Negotiations on international corporate tax reform are in full swing. The United States sent a new proposal to its global partners at the OECD this week.
The US plan proposes a different formula from what is currently envisaged by the OECD (see EUROPE 12636/13). Under the plan, only the world’s largest and most profitable companies would be subject to the new rules, regardless of their sector of activity, based on their level of revenue.
The proposal was rather well received and in any case helps to speed up the negotiations.
At a press briefing on Thursday 8 April, French Finance Minister Bruno Le Maire, who has been pushing for this reform for the past 4 years, said that these were “sound and interesting proposals”.
Earlier this week, the US Treasury Secretary, Janet Yellen, had reiterated her commitment to a global minimum corporate tax rate (see EUROPE 12692/19).
On minimum taxation, the US was opposed to a country-by-country approach, explained Mr Le Maire. He believes that there is now “almost perfect alignment between the American position and the French position”.

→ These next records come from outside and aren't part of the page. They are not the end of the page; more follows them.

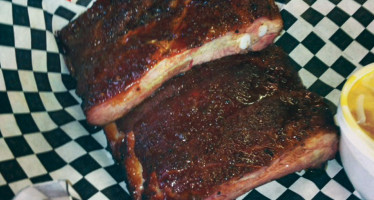 Finding the Food: Lippy’s BBQ in Malcolm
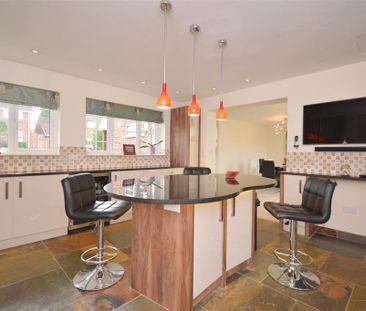 4 bedroom detached house to rent - Photo 6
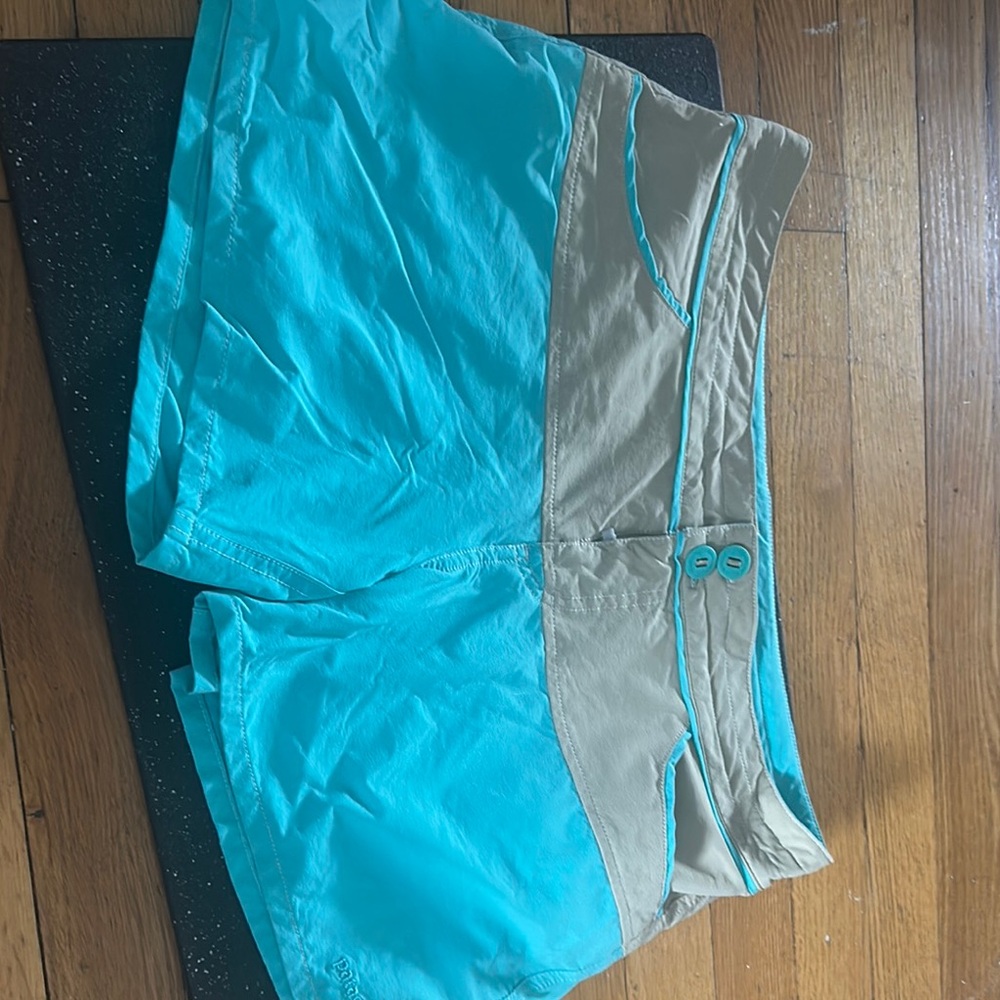 Patagonia High Waist Blue and Tan Shorts for Active Adventures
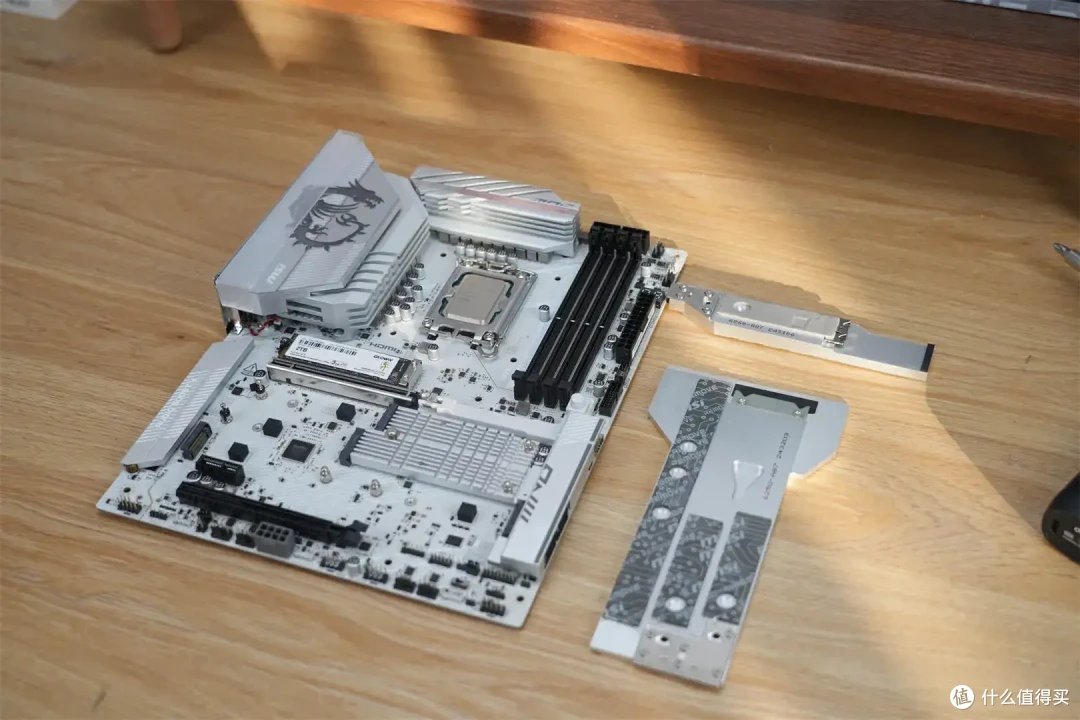 微星 MPG A1000GS PCIE5暗黑电源,藏着哪些让硬件狂飙的秘密?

Of course, the question of the rate has yet to be settled. 2 years ago, France proposed that the global minimum tax rate be set at 12.5%. The French minister was open to a higher rate, 21% as proposed by the Americans, but doubted the ability of some of his European counterparts, notably the Irish Finance Minister, to be so open.
The scope proposed by the Americans is broader than that of the OECD proposal. It would affect about 100 large multinationals.
For France, above all, it is crucial that the big four tech giants—Google, Amazon, Facebook, Apple—be fairly taxed. According to a first reading of the proposal, the minister considered that they should be included in the scope, but France, like other European countries, is still analysing the technical repercussions of the American proposal.
The flaw in the OECD proposal was that it forced taxation to distinguish the portion of revenue related to the company’s digital activity, which was complicated to do from an accounting point of view, he explained. The US proposal is therefore seen as a simpler solution.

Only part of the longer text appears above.